#### EXERCISE INSTRUCTIONS:
Filter the entries for the word "Sexy". Copy each line that has it.

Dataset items
Segment Open
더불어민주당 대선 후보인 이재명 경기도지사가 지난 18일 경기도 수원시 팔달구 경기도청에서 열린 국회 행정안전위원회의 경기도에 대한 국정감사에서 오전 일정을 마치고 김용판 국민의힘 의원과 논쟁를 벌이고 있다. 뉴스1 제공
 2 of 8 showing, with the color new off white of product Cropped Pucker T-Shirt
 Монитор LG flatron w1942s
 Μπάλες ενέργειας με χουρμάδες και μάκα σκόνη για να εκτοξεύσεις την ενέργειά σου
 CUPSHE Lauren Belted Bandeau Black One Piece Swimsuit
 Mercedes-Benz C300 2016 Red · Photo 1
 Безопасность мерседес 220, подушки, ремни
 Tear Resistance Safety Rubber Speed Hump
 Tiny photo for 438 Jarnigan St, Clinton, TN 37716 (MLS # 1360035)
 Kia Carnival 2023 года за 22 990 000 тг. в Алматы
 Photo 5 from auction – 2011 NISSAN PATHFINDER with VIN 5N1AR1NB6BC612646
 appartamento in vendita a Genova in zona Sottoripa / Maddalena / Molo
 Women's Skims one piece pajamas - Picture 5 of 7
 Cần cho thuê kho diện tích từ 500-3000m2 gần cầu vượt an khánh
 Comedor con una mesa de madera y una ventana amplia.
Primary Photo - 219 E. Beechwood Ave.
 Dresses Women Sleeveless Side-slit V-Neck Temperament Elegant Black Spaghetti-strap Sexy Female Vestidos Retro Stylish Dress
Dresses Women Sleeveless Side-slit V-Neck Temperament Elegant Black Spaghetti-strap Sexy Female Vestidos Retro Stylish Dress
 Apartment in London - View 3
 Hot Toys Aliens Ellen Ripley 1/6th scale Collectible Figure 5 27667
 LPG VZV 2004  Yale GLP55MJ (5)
Segment Closed
#### EXPECTED OUTPUT:
 Dresses Women Sleeveless Side-slit V-Neck Temperament Elegant Black Spaghetti-strap Sexy Female Vestidos Retro Stylish Dress
Dresses Women Sleeveless Side-slit V-Neck Temperament Elegant Black Spaghetti-strap Sexy Female Vestidos Retro Stylish Dress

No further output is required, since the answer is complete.